DATA SEGMENT |
++++++++

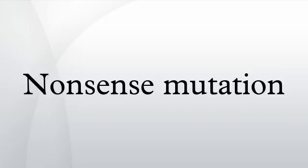Mutations, Nonsense Mutation, Gatfield D, Unterhalzer L, Ciccarelli FD, Bork P, Isaraldi E.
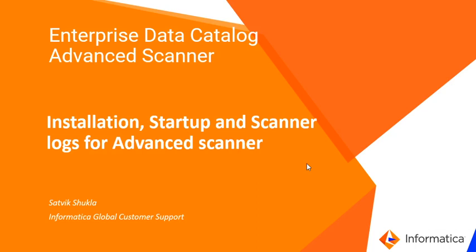Hello everyone, this is Satyak Shukla from Informatica Global Customer Support. Today we will discuss the installation, startup, and scanner logs for Advanced Scanner.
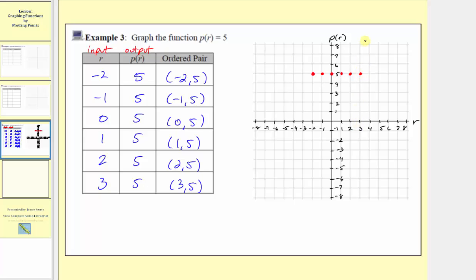Notice how the graph of the function p of r equals five is a horizontal line passing through these points. Any constant function is going to be a horizontal line, and that makes sense because anywhere along this horizontal line, the output is always going to be the constant five. Notice how we have a vertical intercept with coordinates zero comma five, which is given here in our table.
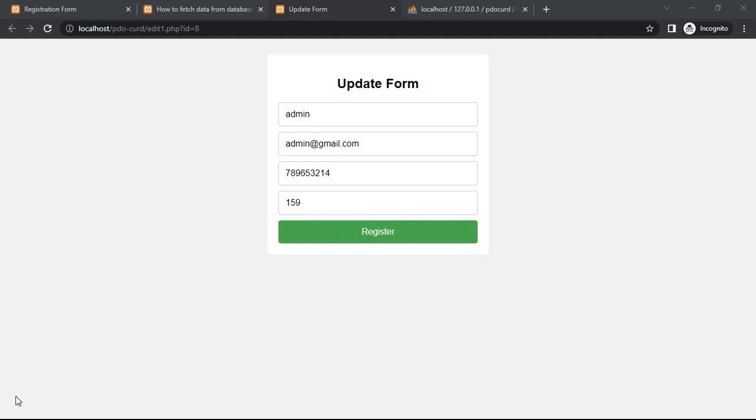Hello, today is the fifth and last part of the series on how to complete CRUD operations using PHP PDO extension. I have discussed in the previous video how to fetch data from URL using PHP PDO method, and I have shared the link of the entire CRUD operation playlist in this video description box. Please check it.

++++++++

EXERCISE PROMPT | Beginning with the line that contains "Notice how the" and ending with the final line of the listing, return each line exactly. Omit all pictures.

ANSWER TO THE PROBLEM |
Notice how the graph of the function p of r equals five is a horizontal line passing through these points. Any constant function is going to be a horizontal line, and that makes sense because anywhere along this horizontal line, the output is always going to be the constant five. Notice how we have a vertical intercept with coordinates zero comma five, which is given here in our table.
Hello, today is the fifth and last part of the series on how to complete CRUD operations using PHP PDO extension. I have discussed in the previous video how to fetch data from URL using PHP PDO method, and I have shared the link of the entire CRUD operation playlist in this video description box. Please check it.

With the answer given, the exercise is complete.